YOUR INSTRUCTIONS
Among the entries that follow, locate the line with "участника СВО (видео)" and the line with "Used 2022 Ford". Output those lines and all lines in between, exactly, minus the pictures.

RECORDS TO PROCESS
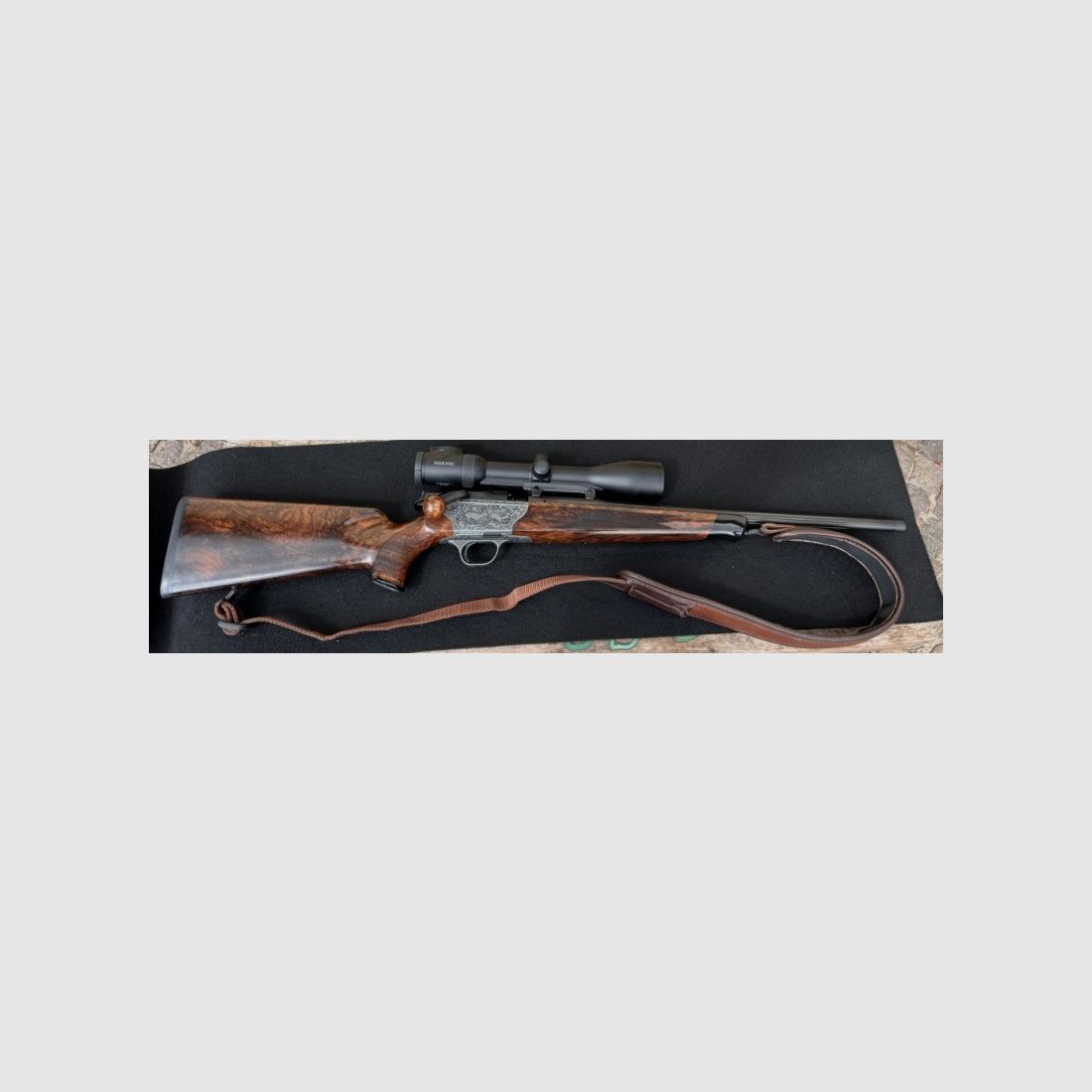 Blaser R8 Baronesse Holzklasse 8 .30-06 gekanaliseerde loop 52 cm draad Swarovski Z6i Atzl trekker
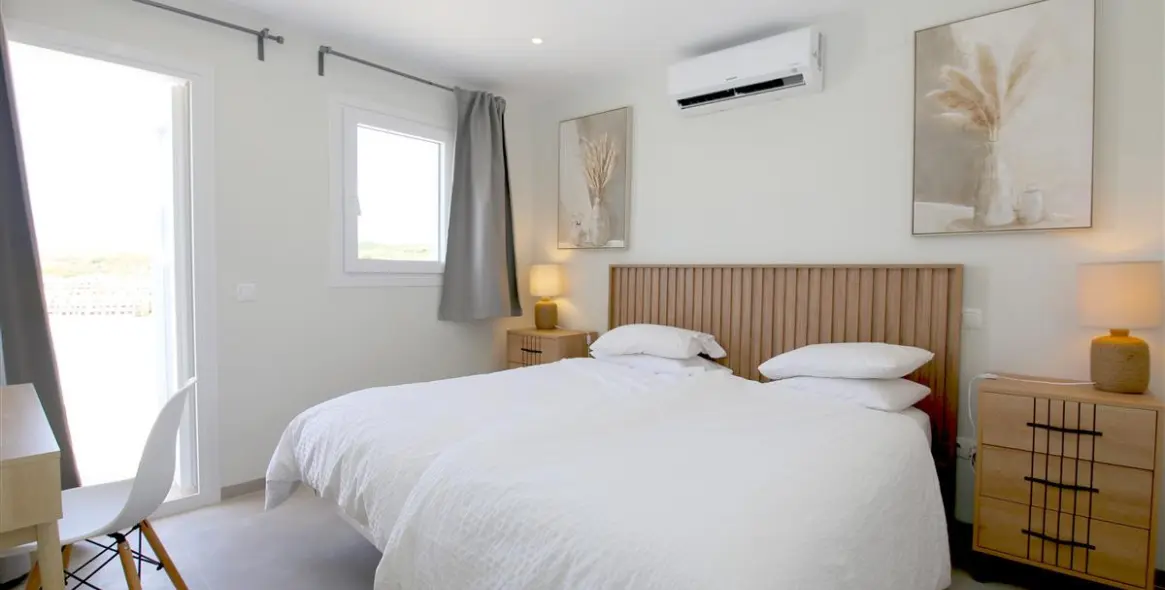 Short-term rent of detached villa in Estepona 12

--

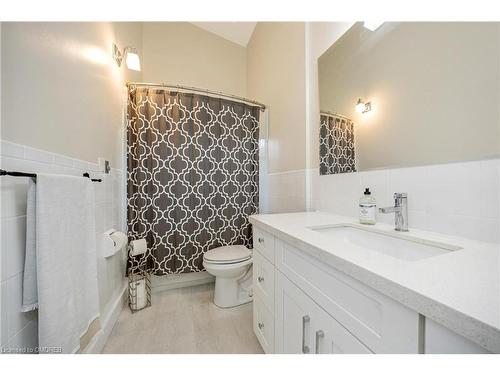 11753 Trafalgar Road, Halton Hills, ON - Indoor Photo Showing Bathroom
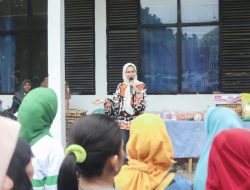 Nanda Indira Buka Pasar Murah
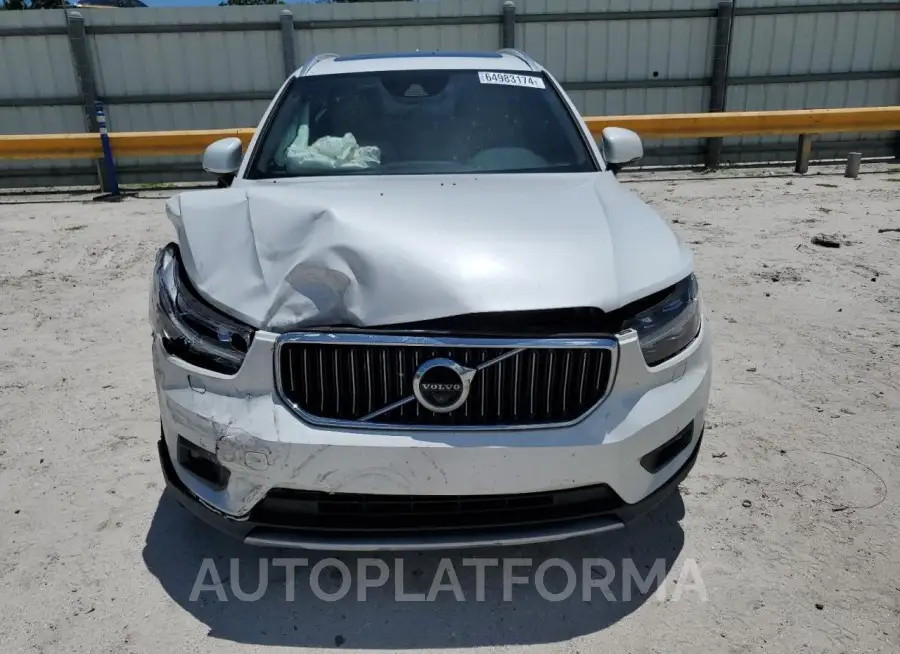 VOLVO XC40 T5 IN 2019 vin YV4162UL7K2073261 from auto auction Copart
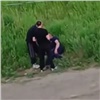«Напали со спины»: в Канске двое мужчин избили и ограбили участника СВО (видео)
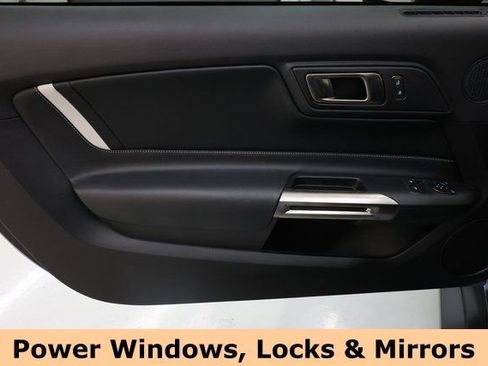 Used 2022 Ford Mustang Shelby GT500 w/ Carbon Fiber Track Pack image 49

* * *

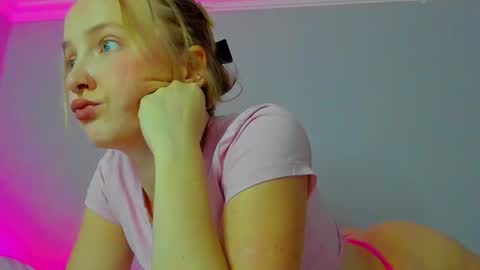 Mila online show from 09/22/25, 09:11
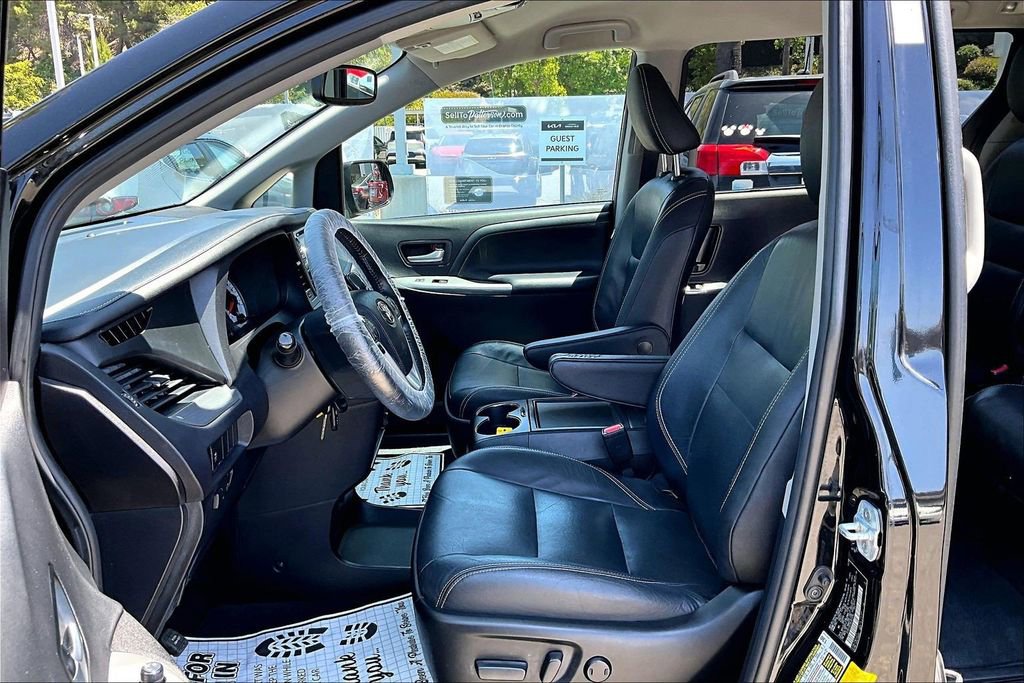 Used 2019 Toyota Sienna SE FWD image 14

RESULT OF THIS TASK
«Напали со спины»: в Канске двое мужчин избили и ограбили участника СВО (видео)
 Used 2022 Ford Mustang Shelby GT500 w/ Carbon Fiber Track Pack image 49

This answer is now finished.